A conference committee for the House of Representatives voted to require itemized reporting of campaign contributions and expenditures under proposed changes to section 1377 and indicated agreement on a $250 disclosure threshold while debating how fines and late-filing notices should appear to the public.
The committee's decision to require itemization was adopted by roll call after a motion and second. Chairman Porter asked the clerk to call the roll on the motion "to use itemization instead of aggregation inside of 1377," and the motion carried on a unanimous vote.
The itemization decision narrows how filers will report individual contributions and expenditures instead of grouping them into aggregated categories. Senator Roars moved the motion to adopt itemization, and Senator Barta seconded it. Chairman Porter called the roll and recorded "Yes" votes from Porter, Representative Doctor, Representative Haggart, Senator Roars, Senator Barta and Senator Castaneda; the clerk announced, "Motion carries."
Why it matters: committee members said itemization improves transparency and then shifted to practical questions about how categories should be managed in the reporting system. Committee members debated whether to codify a fixed list of categories or allow the secretary of state's office to provide prefilled options plus a free-text field for filers. Representative Doctor compared the approach to accounting software and said a baseline plus free-text flexibility would cover most cases.
On the disclosure threshold and fines, committee members said both the House and Senate sides had agreed to a $250 reportability threshold for contributions and expenditures, with an inflation adjustment in the bill. Senator Roars described the inflationary language as an automatic inflator every decade, and committee members discussed whether the threshold should escalate by a fixed amount each decade.

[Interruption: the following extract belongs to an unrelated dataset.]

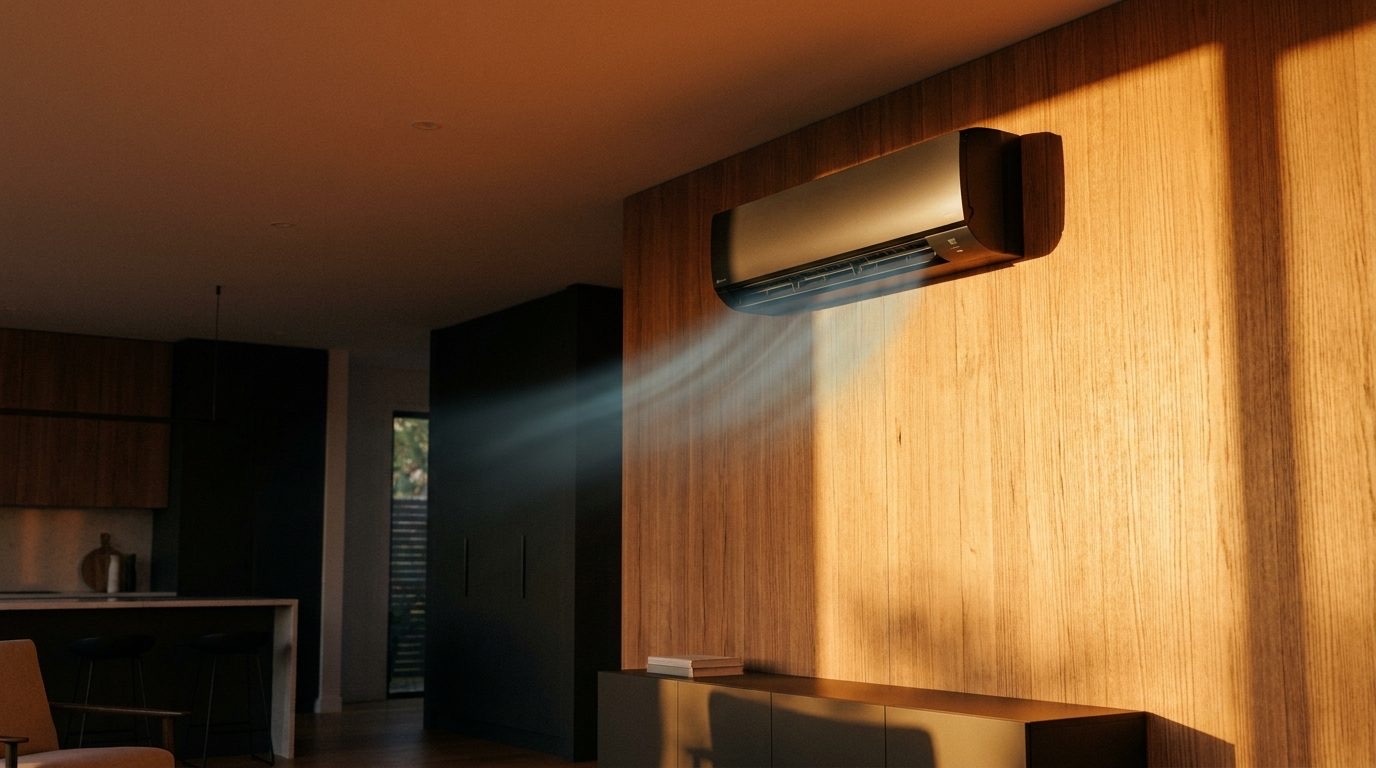 A split system air conditioner mounted on a timber-lined wall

Committee members also debated fines and whether unresolved fines should be visible to the public. Michael Howe, North Dakota secretary of state, told the committee that the office plans to program the state's filing system so that "as soon as that filer is not in compliant compliance and there's a missed filing date, that would be a notice on our system." Howe said the office would also maintain its practice of contacting filers directly to encourage compliance.

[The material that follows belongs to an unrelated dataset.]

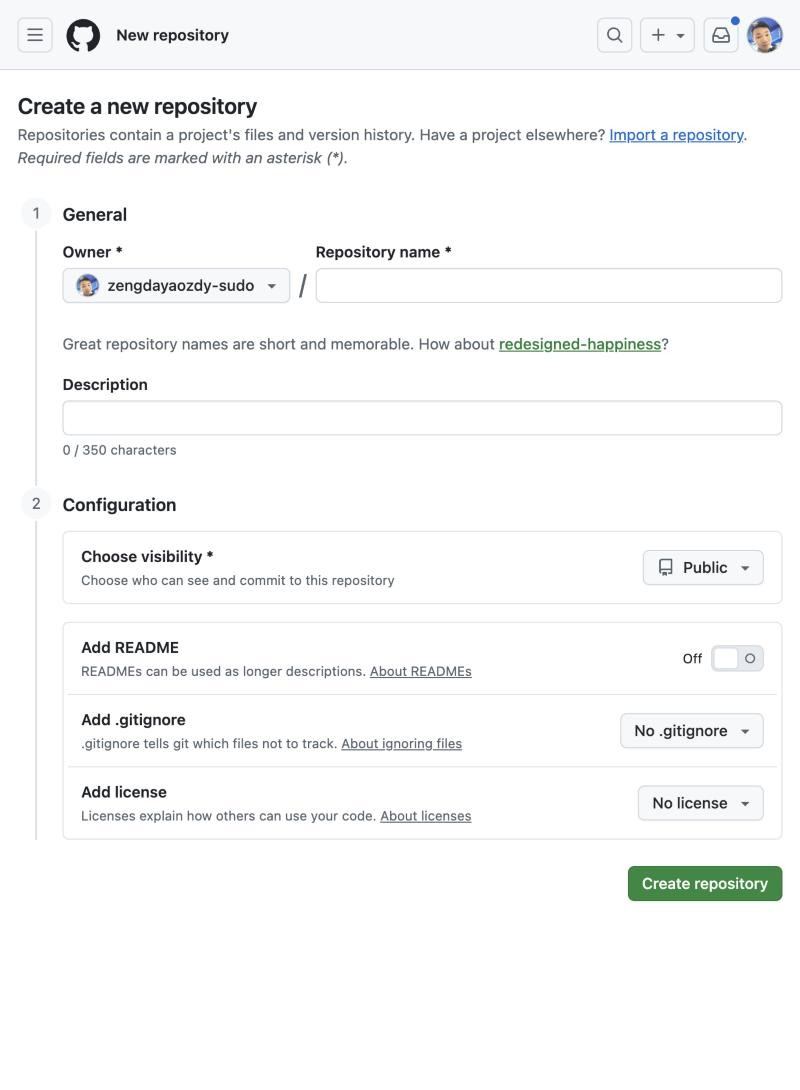 GitHub 建立新 Repository 的空白表單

Senator Castaneda asked whether those notices would be limited to the filer and the secretary of state's office or would be publicly visible. Howe said, "Our intent would be that would be, on the transparency site. Anyone would be able to see that as you're accessing filing records." Committee members discussed whether the first-week late notice could be hidden and then made public after subsequent weeks; Howe said that could be done technically but cautioned it would reduce transparency.

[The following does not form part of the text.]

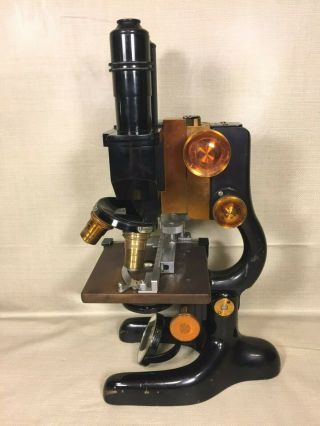 Vintage Bausch & Lomb Binocular Microscope 1929 in Case with Extra 5x 10X Lenses 4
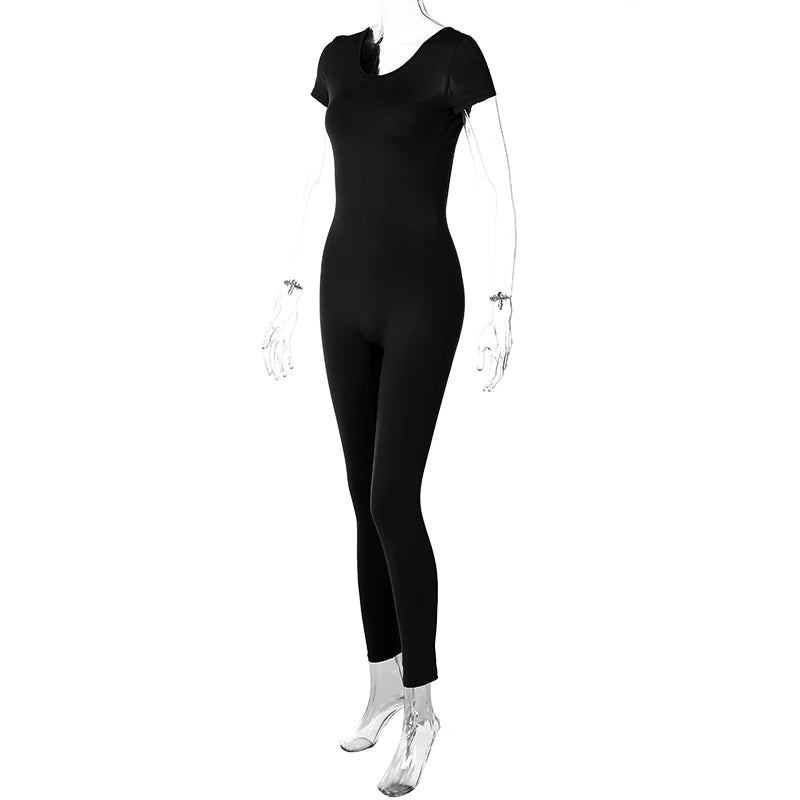 Hugcitar Solid Short Sleeve Backless Sexy Bodycon Skinny One Piece Jumpsuit 2024 Summer Women Casual Romper Y2K Streetwear Club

On other items the committee addressed briefly: members agreed to a single, uniform definition of "candidate" for both legislative and statewide offices, and the committee recorded that beginning- and ending-fund-balance reporting was already resolved. The committee also discussed, and then set aside as difficult to implement, a proposal that unpaid fines could affect ballot eligibility.
The committee did not adopt additional formal votes during the session on fines or the disclosure visibility schedule; members left some details for further drafting and for the secretary of state's office to implement in the reporting system. Chairman Porter closed the session and said the group was scheduled to reconvene later the same day.